Keterlibatan sejumlah jenderal lulusan Akpol Akpol 1991 memberi keistimewaan buronan kelas kakap Joko Tjandra mencoreng nama besar Polri. Persekongkolan jahat ini pun akhirnya bermuara pada pemecatan dan proses pidana.
Pemerintah khususnya Menkopolhukam Mahfud MD diharapkan bisa membentuk Tim Pencari Fakta untuk mendalami kasus ini. Ya, kedua jenderal Akpol 91 yang begitu kental dalam berkolaborasi itu, yakni Brigjen Nugroho Slamet Wibowo (51) dan Prasetijo Utomo (50).
”Kenapa kedua jenderal Akpol 91 ini nekat mempertaruhkan harga diri dan jabatannya hanya untuk melindungi buronan Joko Tjandra,” terang Ketua Presedium IPW Neta S. Pane kepada Fajar Indonesia Network (FIN), Minggu (19/7).
Padahal, sambung Neta, teman satu angkatan mereka, Komjen Listyo Sigit Prabowo menjabat sebagai Kabareskrim. Bersamaan dengan itu, saat ini sedikitnya ada 13 jenderal dari Akpol 91 yang memegang jabatan strategis di Polri.
Di era Kapolri Idam Azis, sambung Neta, Akpol 91 memang mendapat keistimewaan, karena memegang jabatan strategis di Polri. Ada empat orang menjadi kapolda (Irjen M Fadil, Irjen Wahyu Widada, Irjen M Iqbal, dan Irjen Merdisyam), Irjen Prabowo Argo menjadi Kadiv Humas, Brigjen Syahar Diantono di SDM Polri.

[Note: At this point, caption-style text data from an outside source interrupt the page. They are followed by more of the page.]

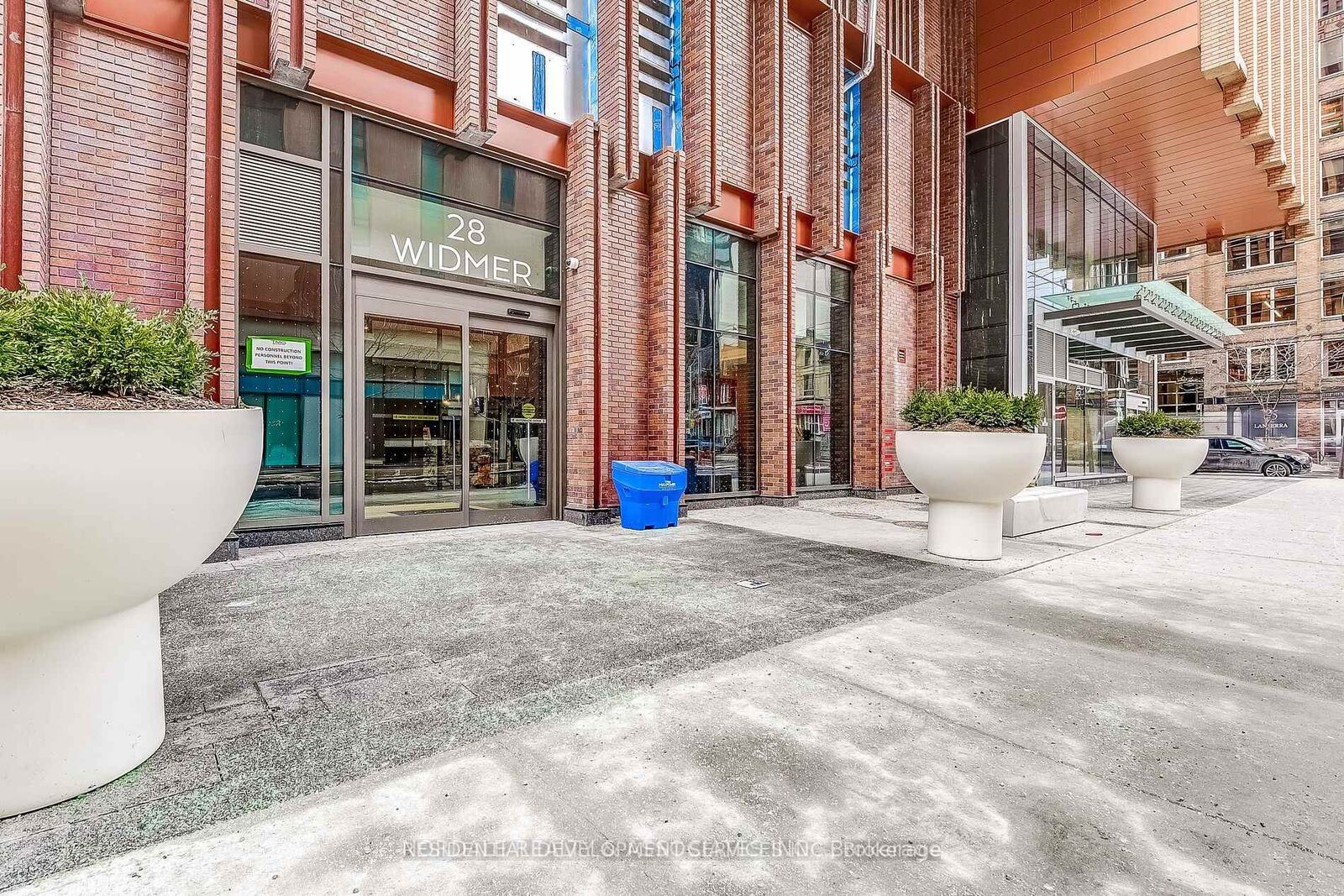 Property Photo:  28 Widmer Street 3923  ON M5V 0T2 
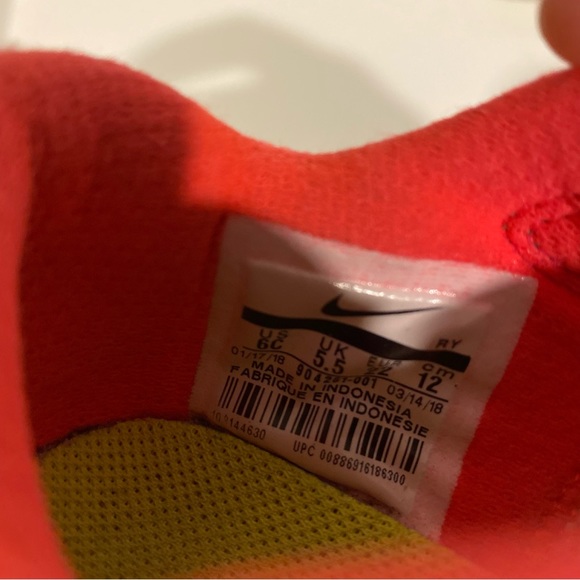 🟧$8 ADD-ON🟧 NIKE Free • 6C • Toddler size 6 - Picture 9 of 11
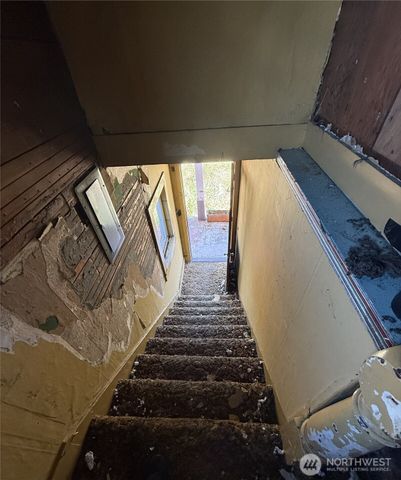 222 12th Street, Raymond, WA 98577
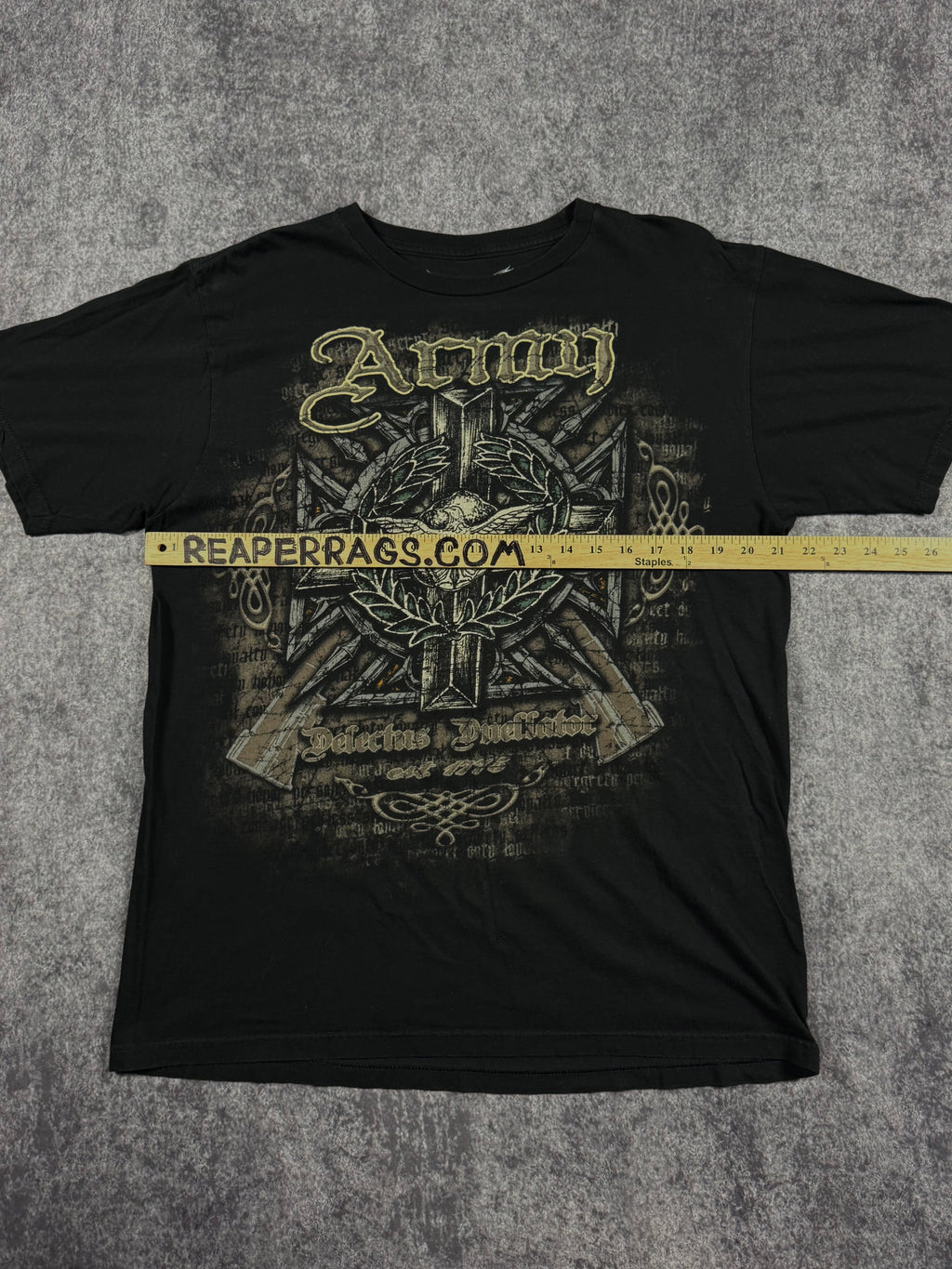 2000s army shirt (L)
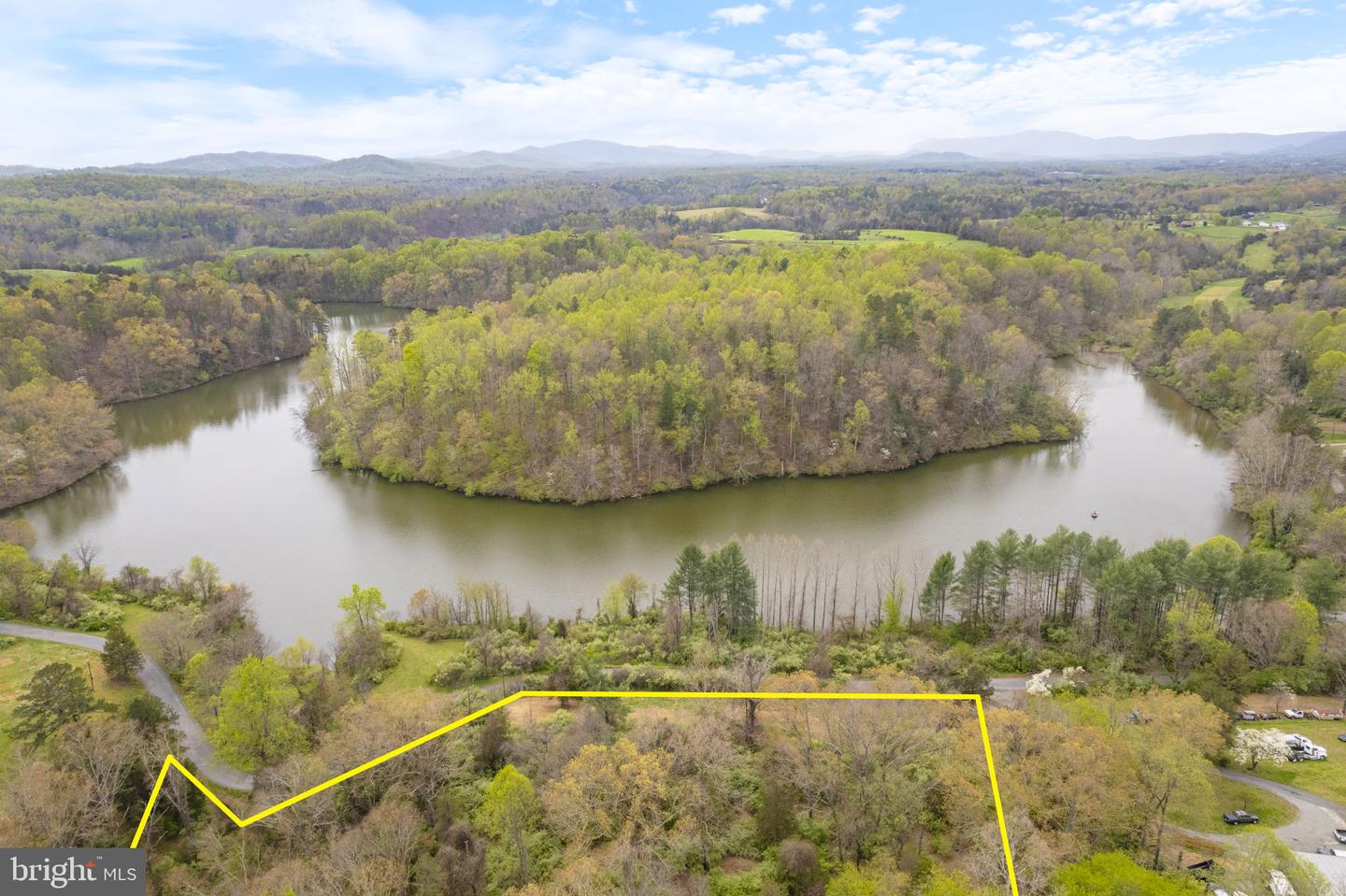TBD LAKESIDE DR, CHARLOTTESVILLE, Virginia 22901, ,Land,For sale,TBD LAKESIDE DR,VAAB2001124 MLS # VAAB2001124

”Selain itu, nama-nama ke-13 alumni Akpol 91 itu cukup populer di masyarakat, di antaranya ada Brigjen Krishna Murti, Brigjen Yusri Yunus dan lain-lain,” ungkapnya.
Lulusan Akpol 91 ada 123 orang. Di urutan pertama Batalyon Bhara Daksa 91 itu terdapat nama K Yani Sudarto kelahiran September 1969 dan urutan terakhir adalah Krishna Murti kelahiran Januari 1970.
Sementara dua brigjen yang terkena kasus Joko Tjandra, Brigjen Nugroho Wibowo berada di urutan 81 dan Brigjen Prasetijo Utomo di urutan 53, sementara Kabareskrim Sigit menempati urutan 84.
Lulusan Akpol 91 yang termuda adalah Ruben Verry kelahiran Agustus 1970 dan paling tua Chairul Azis kelahiran Januari 1967. Sedangkan Adhimakayasa (lulusan terbaik) Akpol 91 adalah Irjen Wahyu Widada.
”Begitu banyak Akpol 91 di posisi strategis, kenapa kedua brigjen itu tega mencoreng citra Promoter Polri. Akibat ulah kedua jenderal Akpol 91 ini, harkat dan martabat Bangsa Indonesia mereka gadaikan,” timpalnya.
Polri telah dijadikan agunan oleh kedua jenderal Polri ini untuk kepentingannya. Kasus ini benar benar memprihatinkan dan sangat memilukan.
”IPW mendesak kasus ini diusut tuntas. Harus diurai anatomi kasusnya. Apakah di belakang kedua jenderal alumni Akpol 91 ini ada orang besar dan ini yang harus diusut tuntas agar orang tsb bisa diseret keluar dan diadili,” timpalnya.
Sebab tidak ada institusi lain yang berwenang mengurus red notice buronan yang ada di luar negeri selain Polri. ”Sebab itu ketika ada jenderal di NCB Interpol Polri bermain main dengan red notice buronan, atasannya harus bertanggung jawab dan dicopot dari jabatannya,” urainya.
Selain itu harus diungkap pula apa alasan dari kedua jenderal Akpol 91 itu mencabut red notice buronan Djoko Soegiharto Tjandra, hingga buronan tersebut bebas keluar-masuk Indonesia. Apakah ada gratifikasi atau hal lain.
”Untuk mengusut tuntas kasus ini Polri jangan dibiarkan bekerja sendiri. Sebab promoternya akan sangat diragukan dan tidak mungkin jeruk makan jeruk,” harapnya.